Kangama is a town in Kailahun District in the Eastern Province of Sierra Leone, near the border of Liberia. It is the headquarters of the Kissi Teng Chiefdom.

==1991-2002 civil war==
During the Sierra Leone Civil War Revolutionary United Front (RUF) forces with support of the Liberian NPFL captured Kangama on 6 April 1991, after a failed Sierra Leone Army (SLA) attempt to secure the Kailahun District. They immediately displaced the local chieftain, looting and burning his house. The RUF conscript the local youth into the army, both boys and girls, and a number of wealthy citizens were executed. From Kangama the RUF/NPFL forces launched an attack on Buedu, leaving Kangama in their rear. By January 1992 the RUF had completely pacified the district and the local conscripts had returned from training to help maintain order. However, in February 1992, SLA forces briefly took Kangama, causing much destruction, but the RUF quickly responded and retook the town.
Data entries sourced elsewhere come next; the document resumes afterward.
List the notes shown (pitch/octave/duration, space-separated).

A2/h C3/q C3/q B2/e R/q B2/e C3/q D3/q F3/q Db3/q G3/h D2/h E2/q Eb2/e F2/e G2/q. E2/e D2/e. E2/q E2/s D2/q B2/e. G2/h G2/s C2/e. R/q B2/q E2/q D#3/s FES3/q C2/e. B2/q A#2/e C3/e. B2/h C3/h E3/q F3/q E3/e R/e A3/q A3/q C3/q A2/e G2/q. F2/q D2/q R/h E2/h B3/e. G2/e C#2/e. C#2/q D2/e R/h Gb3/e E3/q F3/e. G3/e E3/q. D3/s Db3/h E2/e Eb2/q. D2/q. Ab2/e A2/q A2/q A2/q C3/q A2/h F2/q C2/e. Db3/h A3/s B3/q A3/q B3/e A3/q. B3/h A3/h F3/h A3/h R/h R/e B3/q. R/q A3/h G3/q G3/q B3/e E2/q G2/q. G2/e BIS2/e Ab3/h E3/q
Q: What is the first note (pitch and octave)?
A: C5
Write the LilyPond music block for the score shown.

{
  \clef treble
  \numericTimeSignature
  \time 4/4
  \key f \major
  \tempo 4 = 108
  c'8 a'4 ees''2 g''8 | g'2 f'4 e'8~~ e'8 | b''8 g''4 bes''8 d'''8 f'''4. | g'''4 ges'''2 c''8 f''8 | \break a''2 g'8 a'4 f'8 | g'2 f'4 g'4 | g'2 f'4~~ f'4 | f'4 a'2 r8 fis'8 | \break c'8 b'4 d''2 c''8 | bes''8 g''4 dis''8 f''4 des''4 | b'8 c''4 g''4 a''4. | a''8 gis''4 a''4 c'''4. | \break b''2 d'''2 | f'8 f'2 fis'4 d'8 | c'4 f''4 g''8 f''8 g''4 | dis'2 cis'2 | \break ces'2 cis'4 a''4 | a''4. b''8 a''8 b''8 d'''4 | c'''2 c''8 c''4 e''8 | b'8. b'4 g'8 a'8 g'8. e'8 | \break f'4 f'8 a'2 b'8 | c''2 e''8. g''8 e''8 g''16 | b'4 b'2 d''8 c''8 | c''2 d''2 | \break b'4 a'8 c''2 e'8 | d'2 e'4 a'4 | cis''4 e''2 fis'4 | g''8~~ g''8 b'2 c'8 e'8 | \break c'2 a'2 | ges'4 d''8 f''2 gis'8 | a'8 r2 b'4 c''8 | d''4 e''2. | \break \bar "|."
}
In Spring 1993 the SLA began a new offensive and captured Kangama in June of that year. Many individuals, whether they'd actively collaborated with the RUF forces or not, fled to Liberia and Guinea. When SLA troops left Kangama in late 1993, the RUF and others returned. The RUF began a guerrilla war in the district, and Kangama quickly returned to RUF control. The SLA again briefly took Kangama toward the end of 1994, but it was back in RUF control by December. where it remained until May 1998. Kangama did not take part in the February 1995 elections. In March 1996 the RUF opened the school at Kangama, paying the teachers in foodstuffs. In March 1998, the head of the Armed Forces Revolutionary Council that had briefly ruled Sierra Leone escaped to Kangama when Freetown fell.

In May 1998, ECOMOG forces took Kangama, but the RUF continued guerrilla warfare in the area, and Kangama was soon back in RUF hands. When the Lome Peace Accord was signed in 1999 the RUF in the Kangama area did not disarm. Some retreated into Liberia, others into the bush. It was not until December 2001 and January 2002 that the RUF in Kangama finally surrendered their arms.